• _Information_:
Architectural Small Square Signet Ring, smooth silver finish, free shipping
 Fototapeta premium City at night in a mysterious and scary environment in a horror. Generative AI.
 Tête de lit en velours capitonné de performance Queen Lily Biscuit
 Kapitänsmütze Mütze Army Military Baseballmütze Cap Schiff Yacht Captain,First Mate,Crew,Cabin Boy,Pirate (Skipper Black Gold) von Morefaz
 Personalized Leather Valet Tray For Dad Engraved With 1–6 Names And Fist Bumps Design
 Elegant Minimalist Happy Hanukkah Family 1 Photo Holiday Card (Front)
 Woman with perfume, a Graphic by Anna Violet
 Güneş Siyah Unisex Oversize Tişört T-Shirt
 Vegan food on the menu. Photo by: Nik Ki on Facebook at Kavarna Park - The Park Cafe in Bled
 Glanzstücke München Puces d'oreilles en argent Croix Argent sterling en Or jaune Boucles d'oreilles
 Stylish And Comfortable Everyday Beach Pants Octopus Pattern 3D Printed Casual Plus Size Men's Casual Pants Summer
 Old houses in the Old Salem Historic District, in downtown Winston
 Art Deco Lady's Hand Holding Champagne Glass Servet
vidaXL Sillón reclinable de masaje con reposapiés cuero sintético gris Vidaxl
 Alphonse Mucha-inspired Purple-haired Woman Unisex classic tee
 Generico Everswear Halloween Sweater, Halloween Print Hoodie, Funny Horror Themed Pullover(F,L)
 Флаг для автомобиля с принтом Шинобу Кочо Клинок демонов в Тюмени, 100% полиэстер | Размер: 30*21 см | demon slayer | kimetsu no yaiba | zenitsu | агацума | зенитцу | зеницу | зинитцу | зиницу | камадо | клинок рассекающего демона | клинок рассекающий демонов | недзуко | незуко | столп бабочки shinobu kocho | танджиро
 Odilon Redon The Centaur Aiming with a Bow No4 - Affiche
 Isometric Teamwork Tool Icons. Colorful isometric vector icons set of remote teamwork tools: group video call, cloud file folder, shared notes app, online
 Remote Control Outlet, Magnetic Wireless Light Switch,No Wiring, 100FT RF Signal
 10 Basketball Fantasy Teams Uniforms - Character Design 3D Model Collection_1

• _Aim of the task_: Your job is to retype all of the material exactly.

• _Answer for the task_:
Architectural Small Square Signet Ring, smooth silver finish, free shipping
 Fototapeta premium City at night in a mysterious and scary environment in a horror. Generative AI.
 Tête de lit en velours capitonné de performance Queen Lily Biscuit
 Kapitänsmütze Mütze Army Military Baseballmütze Cap Schiff Yacht Captain,First Mate,Crew,Cabin Boy,Pirate (Skipper Black Gold) von Morefaz
 Personalized Leather Valet Tray For Dad Engraved With 1–6 Names And Fist Bumps Design
 Elegant Minimalist Happy Hanukkah Family 1 Photo Holiday Card (Front)
 Woman with perfume, a Graphic by Anna Violet
 Güneş Siyah Unisex Oversize Tişört T-Shirt
 Vegan food on the menu. Photo by: Nik Ki on Facebook at Kavarna Park - The Park Cafe in Bled
 Glanzstücke München Puces d'oreilles en argent Croix Argent sterling en Or jaune Boucles d'oreilles
 Stylish And Comfortable Everyday Beach Pants Octopus Pattern 3D Printed Casual Plus Size Men's Casual Pants Summer
 Old houses in the Old Salem Historic District, in downtown Winston
 Art Deco Lady's Hand Holding Champagne Glass Servet
vidaXL Sillón reclinable de masaje con reposapiés cuero sintético gris Vidaxl
 Alphonse Mucha-inspired Purple-haired Woman Unisex classic tee
 Generico Everswear Halloween Sweater, Halloween Print Hoodie, Funny Horror Themed Pullover(F,L)
 Флаг для автомобиля с принтом Шинобу Кочо Клинок демонов в Тюмени, 100% полиэстер | Размер: 30*21 см | demon slayer | kimetsu no yaiba | zenitsu | агацума | зенитцу | зеницу | зинитцу | зиницу | камадо | клинок рассекающего демона | клинок рассекающий демонов | недзуко | незуко | столп бабочки shinobu kocho | танджиро
 Odilon Redon The Centaur Aiming with a Bow No4 - Affiche
 Isometric Teamwork Tool Icons. Colorful isometric vector icons set of remote teamwork tools: group video call, cloud file folder, shared notes app, online
 Remote Control Outlet, Magnetic Wireless Light Switch,No Wiring, 100FT RF Signal
 10 Basketball Fantasy Teams Uniforms - Character Design 3D Model Collection_1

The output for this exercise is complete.